TASK DETAILS: What is needed is an exact copy of the data below, pictures excluded.

DATASET CONTENT:
Segment Open
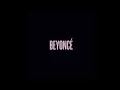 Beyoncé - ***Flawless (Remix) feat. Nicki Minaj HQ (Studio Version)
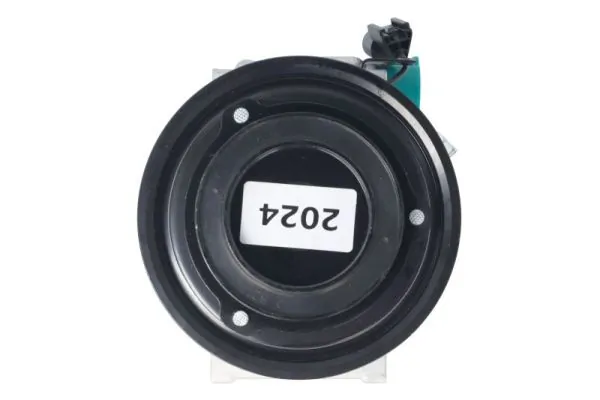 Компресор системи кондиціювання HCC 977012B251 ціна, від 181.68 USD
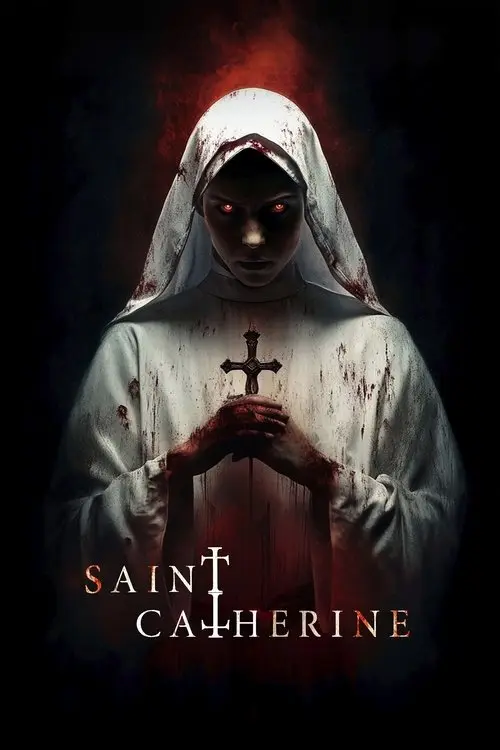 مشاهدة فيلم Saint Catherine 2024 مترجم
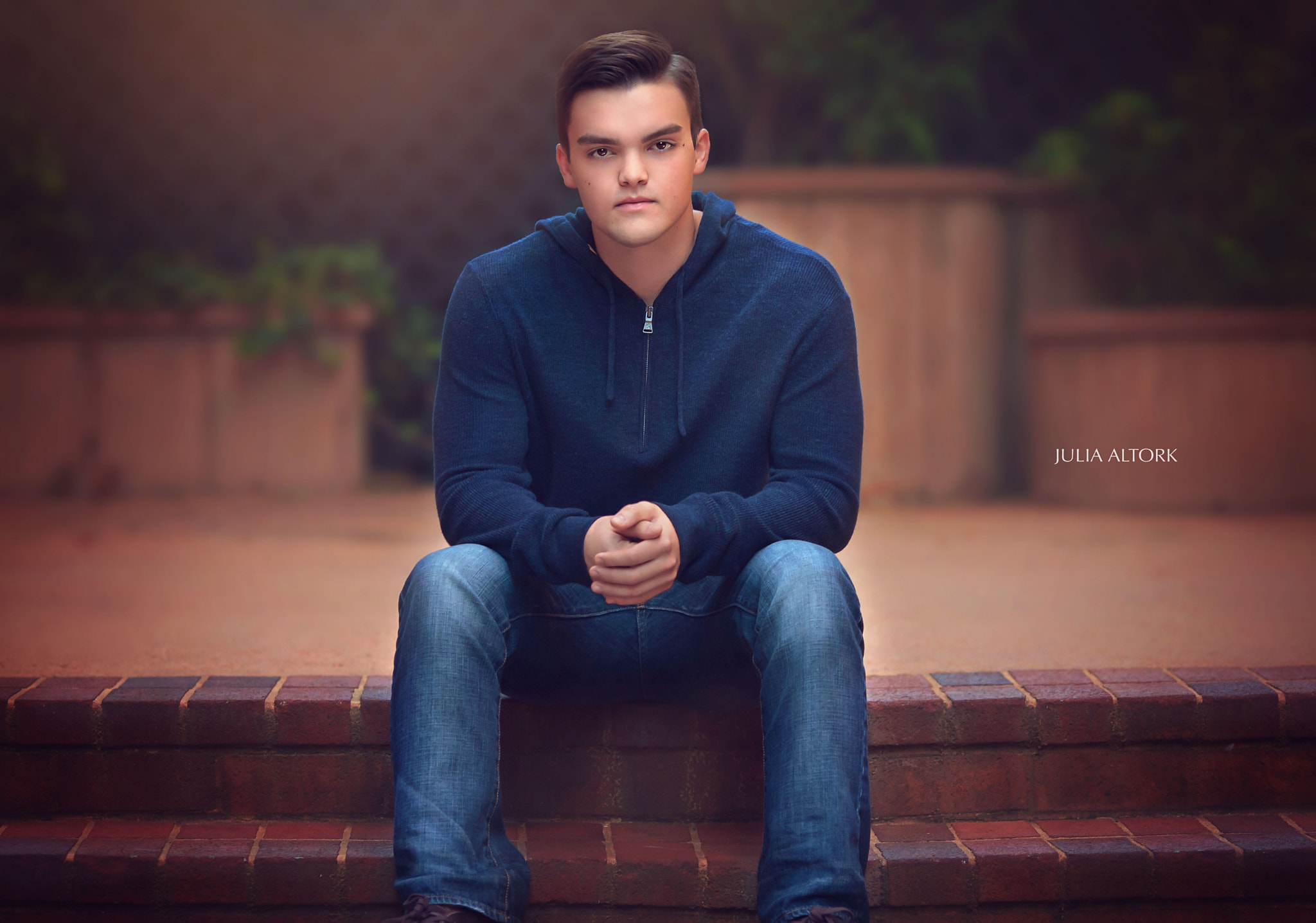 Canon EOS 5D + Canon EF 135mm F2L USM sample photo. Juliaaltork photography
Segment Closed
RESPONSE FOR THIS EXERCISE:
 Beyoncé - ***Flawless (Remix) feat. Nicki Minaj HQ (Studio Version)
 Компресор системи кондиціювання HCC 977012B251 ціна, від 181.68 USD
 مشاهدة فيلم Saint Catherine 2024 مترجم
 Canon EOS 5D + Canon EF 135mm F2L USM sample photo. Juliaaltork photography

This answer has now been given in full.